Web document 13-1. Approaches to genomics: five perspectives
As we survey the tree of life, consider these five perspectives:
Approach I: catalog genomic information
Genome size; number of chromosomes; GC content; isochores; number of genes; repetitive DNA; unique features of each genome
Techniques: genomic DNA sequencing; assembly; annotation; intrinsic, extrinsic gene prediction
Approach II: catalog comparative genomic information
Orthologs and paralogs; COGs; lateral gene transfer
Techniques: comparative genomics; whole chromosome, whole genome alignment
Approach III: biological principles; function; mechanisms
of evolution
How genome size is regulated; polyploidization; birth and death of genes; neutral theory of evolution; positive and negative selection; speciation
Techniques: molecular phylogeny; tests of selection; BLAST for evidence of duplication
Approach IV: human disease relevance
Mechanisms by which organisms cause disease, and types of responses
Techniques: various including SNPs; linkage; association; model organisms
Approach V: bioinformatics aspects
Algorithms, databases, websites
For a course I teach, students analyze a genome in depth as
follows.
[1] Select any genome.
[2] Prepare a written document in which you describe it from the five perspectives outlined in the course:
1) Catalog genomic information (genome size; number of chromosomes; GC content; isochores; number of genes; repetitive DNA; unique features)
2) Catalog comparative genomic information (ladder-and-constellation approach;
orthologs and paralogs; COGs; lateral gene transfer)
3) Mechanisms of evolution (how genome size is regulated; polyploidization; birth and death of genes; neutral theory of evolution; positive and negative selection; speciation)
4) Human disease relevance
5) Computational biology aspects (algorithms, databases, websites)
[3] Identify an outstanding research problem and how genomics approaches can be, or are being applied to solve it.
Alternative
Project: analyze a gene in depth
[1] Select a single protein, RNA, or DNA sequence. Unless you have a particular gene of interest, select one that is conserved across the three domains of life. Obtain a large number of homologous sequences (e.g. 100) in the fasta format.
[2] Perform a phylogenetic analysis.

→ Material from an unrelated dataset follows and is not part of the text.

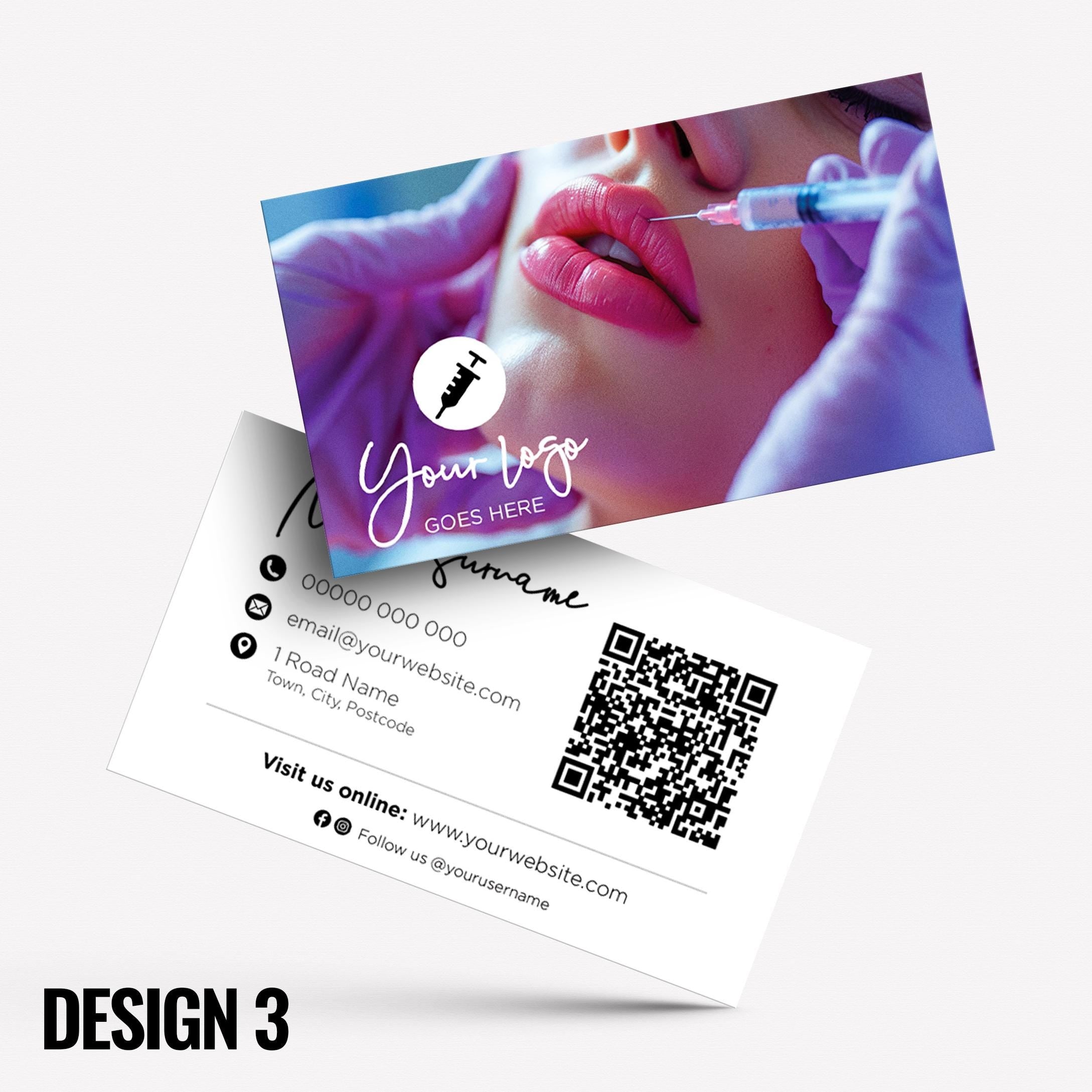 Custom Business Card Printing | Aesthetics clinic beautician PMU injection botox cosmetics beauty female tanning salon tan spray tanning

If your gene is conserved, use the sequence to make a tree of life. If it is protein-coding, analyze the substitution rate at different codon positions, describe ancestral sequences, provide evidence for neutral evolution or selection, etc.
[3] Describe specific cases in which the gene has duplicated (or been lost) across genomes. Provide evidence for duplication/deletion and date the occurrence(s).
[4] Describe conserved synteny for this gene across multiple genomes. Describe its neighboring genes.
[5] Describe regulatory regions controlling expression of this gene.